AstraZeneca, Ionis in $3.6-Bn Pact for Antisense DrugBy
AstraZeneca has entered into a new global development and commercialization agreement with Ionis Pharmaceuticals, a Carlsbad, California-based company developing RNA-targeted therapies, for an antisense therapy, in a deal worth up to $3.6 billion ($200 million upfront, up to $485 million in conditional payments, and up to $2.9 billion in sales-related milestones).
The deal focuses on eplontersen, a ligand-conjugated antisense medicine designed to reduce the production of transthyretin, or TTR protein, to treat all types of TTR amyloidosis (ATTR). The drug is currently in Phase III development for amyloid transthyretin cardiomyopathy (ATTR-CM), a fatal condition that leads to progressive heart failure and death, and for hereditary amyloid transthyretin polyneuropathy (ATTR-PN), a disease that leads to peripheral nerve damage.

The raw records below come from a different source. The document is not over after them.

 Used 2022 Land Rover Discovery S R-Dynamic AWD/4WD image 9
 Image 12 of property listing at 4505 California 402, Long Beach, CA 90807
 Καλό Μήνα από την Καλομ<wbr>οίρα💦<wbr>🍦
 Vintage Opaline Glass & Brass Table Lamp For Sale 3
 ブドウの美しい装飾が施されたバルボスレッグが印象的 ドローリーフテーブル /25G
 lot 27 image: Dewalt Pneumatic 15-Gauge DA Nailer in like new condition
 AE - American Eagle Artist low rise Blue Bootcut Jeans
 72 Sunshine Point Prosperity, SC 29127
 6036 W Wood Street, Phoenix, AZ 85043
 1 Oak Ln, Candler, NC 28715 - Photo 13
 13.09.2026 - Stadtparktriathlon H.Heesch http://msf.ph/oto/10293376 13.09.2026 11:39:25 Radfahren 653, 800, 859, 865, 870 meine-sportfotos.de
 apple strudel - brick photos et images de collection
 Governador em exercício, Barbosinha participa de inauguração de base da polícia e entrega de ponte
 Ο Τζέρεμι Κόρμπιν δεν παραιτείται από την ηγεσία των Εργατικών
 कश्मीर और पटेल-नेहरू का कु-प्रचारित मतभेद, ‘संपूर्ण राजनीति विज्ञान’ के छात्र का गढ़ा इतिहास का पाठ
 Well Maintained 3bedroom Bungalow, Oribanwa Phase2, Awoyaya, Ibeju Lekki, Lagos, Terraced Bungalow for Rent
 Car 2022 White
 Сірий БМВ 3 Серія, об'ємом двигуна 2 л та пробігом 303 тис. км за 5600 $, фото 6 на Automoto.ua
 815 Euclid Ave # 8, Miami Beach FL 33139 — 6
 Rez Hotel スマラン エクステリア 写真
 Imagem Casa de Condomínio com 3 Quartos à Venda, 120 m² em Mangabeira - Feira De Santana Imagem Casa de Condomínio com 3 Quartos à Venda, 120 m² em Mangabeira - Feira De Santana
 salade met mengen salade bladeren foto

Eplontersen is designed to reduce the production of TTR protein to treat both hereditary and non-hereditary forms of ATTR.
Hereditary ATTR-PN is expected to be the first indication for which the companies will seek regulatory approval for eplontersen, with the potential to file a new drug application with the US Food and Drug Administration by the end of 2022.
The companies will jointly develop and commercialize eplontersen in the US, and AstraZeneca will develop and commercialize it in the rest of the world, except in Latin America.
AstraZeneca will pay Ionis an upfront payment of $200 million and additional conditional payments of up to $485 million following regulatory approvals. It will also pay up to $2.9 billions of sales-related milestones based on sales thresholds between $500 million and $6 billion, plus royalties in the range of low double-digit to mid-twenties percentage depending on the region. The collaboration includes territory-specific development, commercial and medical affairs cost-sharing provisions.
Ionis will continue to manufacture and supply eplontersen for the existing clinical studies and process qualification. AstraZeneca will be responsible for commercial supply, with transition timing to be agreed by both parties. AstraZeneca will book all sales generated under the agreement.
The transaction is expected to close in the fourth quarter of 2021, subject to customary closing conditions and regulatory clearances.